Not too much. This is pretty clear. Eat what you need, don't eat out of boredom or for emotional reasons. Eat good food that you enjoy, and you'll find yourself satisfied with less.
Mostly plants. Pollan's not a vegetarian, but he does eat less meat now than he did before he started researching. I don't have anything against meat eating (one of my top favorite foods is bacon), but it's true that the western diet is much heavier on meat than it needs to be. If you follow Pollan's lead and try to only eat organic, well-fed (not grain-stuffed), and humainly-killed animals, you'd almost have to eat less meat just for cost reasons.
He also talks a lot about nutritionism - the assumption that food is just made up of chemical parts and if we get the right blend it's okay, even if we've added in nutrients to replace that which our processing took out. There is very little science so far about how all the nutrients that make up an apple, say, or a slice of bread, work together. An example he gives is baby formula: there are some very, very good ones out there now that provide quite well for a child's needs, but even the best formula doesn't quite replicate the perfect nutritional balance found in breast milk.

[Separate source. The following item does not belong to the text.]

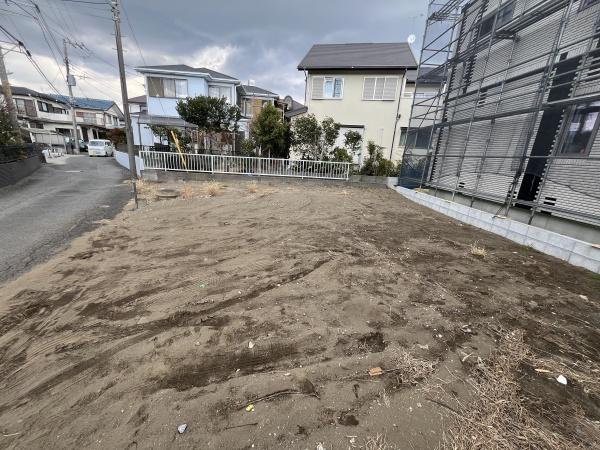 �_�ސ쌧����s�ғ�����2���ڂ̓y�n�̂��̑����n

Our culture is falling in love with nutritionism right now: every week a new study comes out touting the new big discovery - it's antioxidents that's the key. No, wait, it's omega-3s. Saturated fats are the worst thing. Nope, caffeine is even is worse. Break out the wheaties: it's more dietary fiber that you need.
You'll see a lot of examples of nutrients being added back into processed foods. They bleached the flour for the bread, which leached all the nutrients out. Soon they realized that people were suffering from vitamin D deficiencies, so they added vitamin D to bread. But that bread will never be as good for you as a loaf made from a non-bleached flour that never had the vitamin D removed in the first place.
Here is an article Michael Pollan wrote that sums up In Defense of Food much better than I can.
And as for what this all means for me? It doesn't mean I want to switch to an all-organic, all whole-food diet, but it does make me want to take more care about what I'm putting in my body. It takes a great level of dedication to fully adopt all Pollan's suggestions, and it's not all that practical for me even if I did have the dedication (seeing as I share kitchen space and some meals with the rest of my family, and we do eat fairly well to start with since we have a large garden and eat fresh and canned foods from it all year.) But this book has raised my level of awareness and made me more conscious of the processed foods that I do eat. I won't be following the latest food trends or worrying excessively about the nutritional qualities of what I eat ... I'll just be, to the best of my little abilities, eating food.
Worrying so much about food can't be good for your health. (Paul Rozin)
What nutritionism sees when it looks at the French paradox is a lot of slender French people eating gobs of saturated fat washed down with wine. What it fails to see is a people with a completely different relationship to food than we have.